Berdasarkan Pergub (Peraturan Gubernur) 29 tahun 2021 tentang teknis PPDB (Penerimaan Peserta Didik Baru), tak ada satu pasal pun yang mengharuskan bayar administrasi.
Terpisah, Ketua Forum Orang Tua Siswa (Fortusis) Kota Bandung Dwi Subawanto angkat bicara terkait dugaan pungli di SMAN 22 Bandung.
Baca Juga:Heboh Kepala Sekolah di Bandung Diduga Terlibat Pungli, Fortusis: Pecat jika Terbukti
Menurutnya, pungli itu melanggar aturan Penerimaan Peserta Didik Baru (PPDB).
Ia mengatakan, dalam Pergub 29 Tahun 2021 yang mengatur tentang petunjuk teknis dengan jelas disebutkan dalam Pasal 39 A dan B yang berbunyi "Sekolah yang diselenggarakan oleh masyarakat dan telah menerima bantuan operasional sekolah, dilarang memungut biaya".
Serta dalam pasal B disebutkan "Sekolah yang diselenggarakan oleh Pemerintah Daerah Provinsi dilarang melakukan pungutan dan/atau sumbangan yang terkait dengan pelaksanaan PPDB, perpindahan peserta didik dan melakukan pungutan untuk membeli seragam atau buku tertentu yang dikaitkan dengan PPDB".
"Siapapun oknum di sekolah tersebut harus dikenakan sanksi. Kepala sekolah yang bersangkutan itu melanggar Perda nah kalau ASN harus dipecat atau ada proses hukum melalui sebuah proses yang berlaku," ujar Dwi, Senin (17/1/2022) dikutip dari Ayobandung.com--jejaring Suara.com.

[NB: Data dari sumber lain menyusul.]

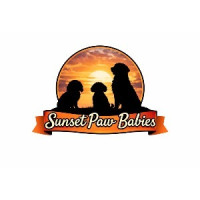 Sunset Paw Babies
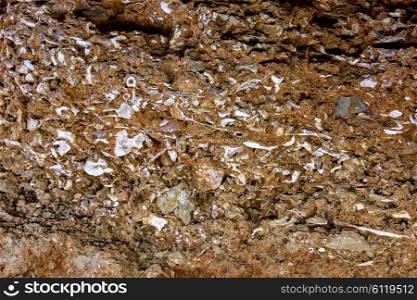 ossuary prehistoric in Cueva Calaveras of Benidoleig at Alicante Spain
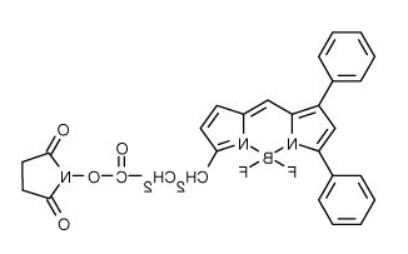 BODIPY 530/550.png BODIPY 530/550.png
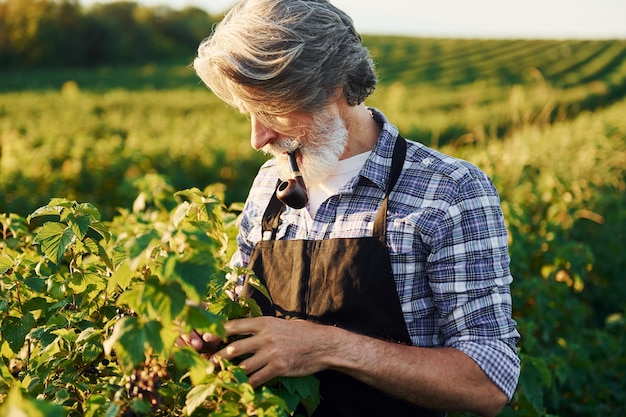 Fumer et regarder des baies Senior homme élégant aux cheveux gris et à la barbe sur le terrain agricole avec récolte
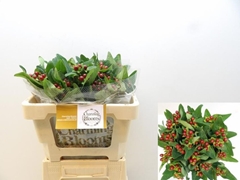 Hypericum Pacific Brown 50cm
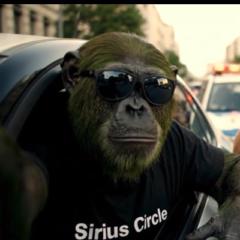 Chimpanvert Tres vert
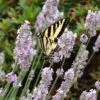 Miss Katherine English Lavender -Cheap Plant & Flowers Store lavandula miss katherine lavender swallowtail butterly linda bosshart 1 1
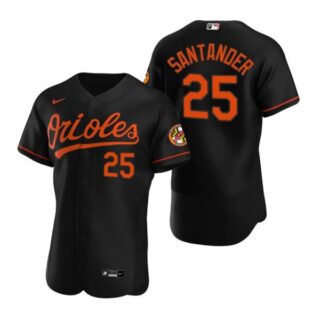 Men's Anthony Santander Baltimore Orioles Flex Base Jersey Black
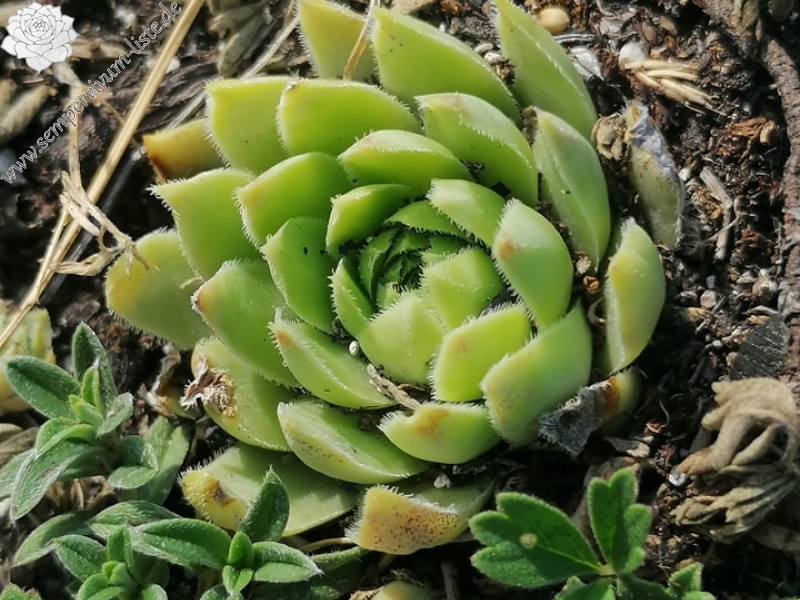 globiferum ssp. hirtum (hirtum) from Csákberény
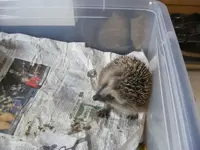 Igel keine Flöhe.webp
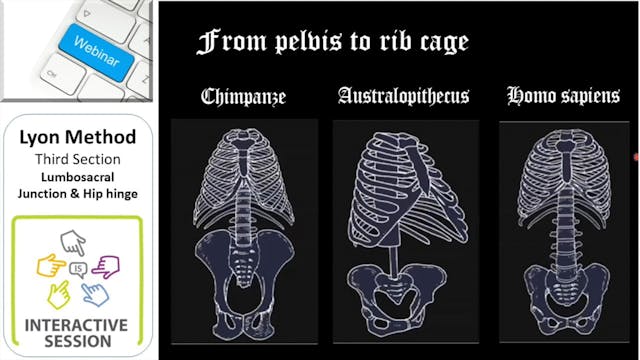 SSOL-Lyon Method Certification: Tutorial 3 (Lumbosacral Junction & Hip hinge)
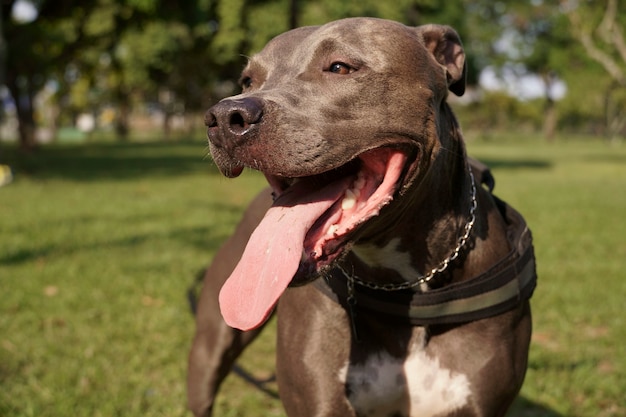 pitbull hond spelen in het park bij zonsondergang zonnige dag en open landschap met veel natuur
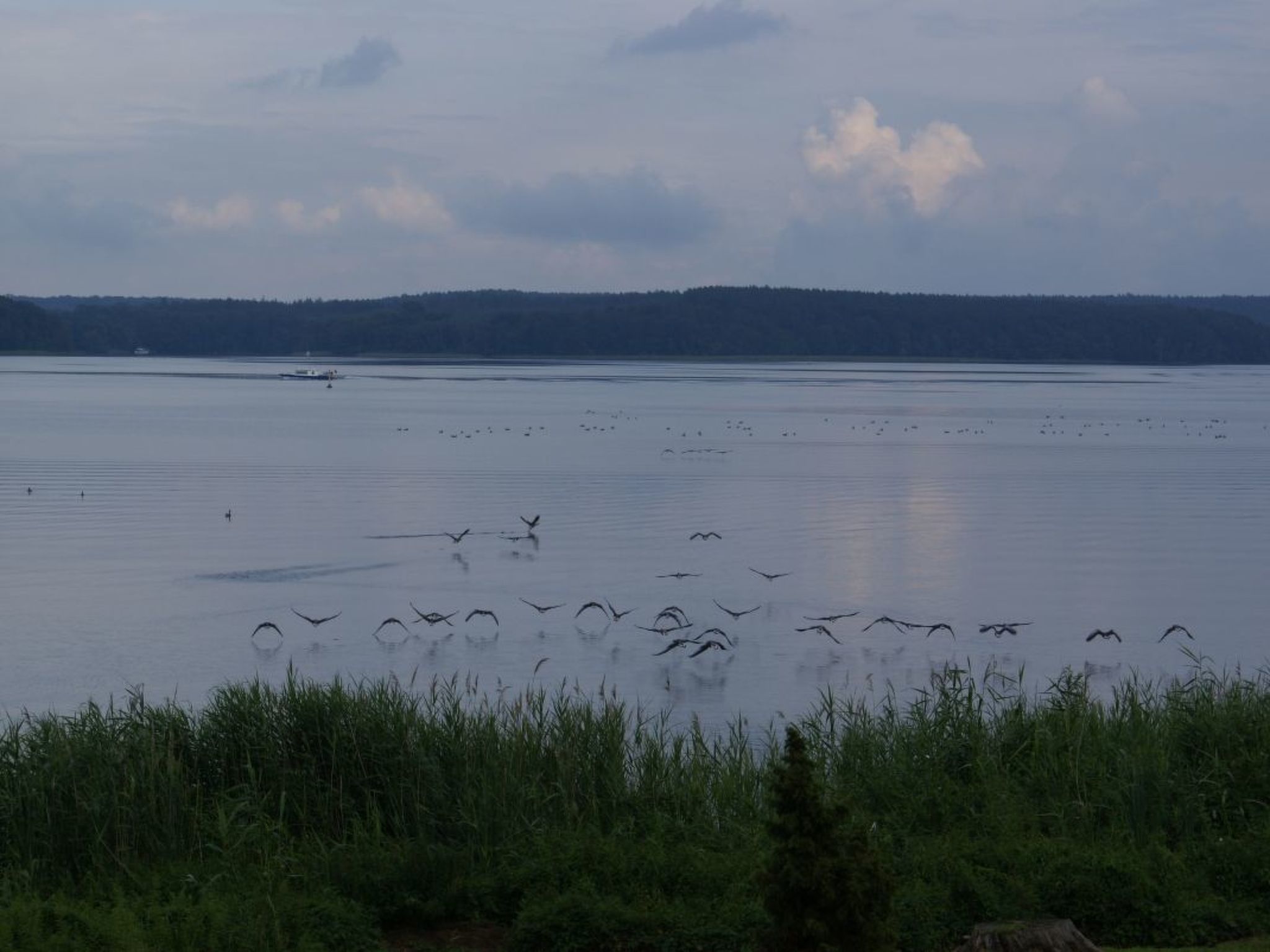 Vakantiehuis met omheinde tuin in Plau am See (Duitsland) 1 hond is welkom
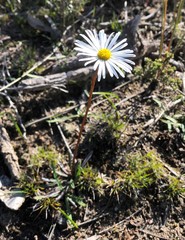 Allittia uliginosa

Menurut Dwi, celah untuk melakukan pungli ini biasanya terjadi saat ada perpindahan siswa dari satu sekolah pada saat kenaikan kelas. Terutama, kenaikan kelas 1 ke kelas 2.
"Nah kalau ngomongin mutasi kalau lebih dari satu kalau ada slot di kelas dua lebih dari satu itu seolah olah tes. Di tes pelajaran sekaligus ada yang namanya kayak semacam partisipasi tes lelang duitnya," jelasnya.
Lebih jelasnya, kata dia, praktik pungli perpindahan siswa ini biasanya dari awal pihak sekolah sudah meminta 'sumbangan' untuk hal yang berada di luar hal akademis. Padahal, untuk PPDB mutasi pihak sekolah sama sekali tidak diperbolehkan memungut biaya.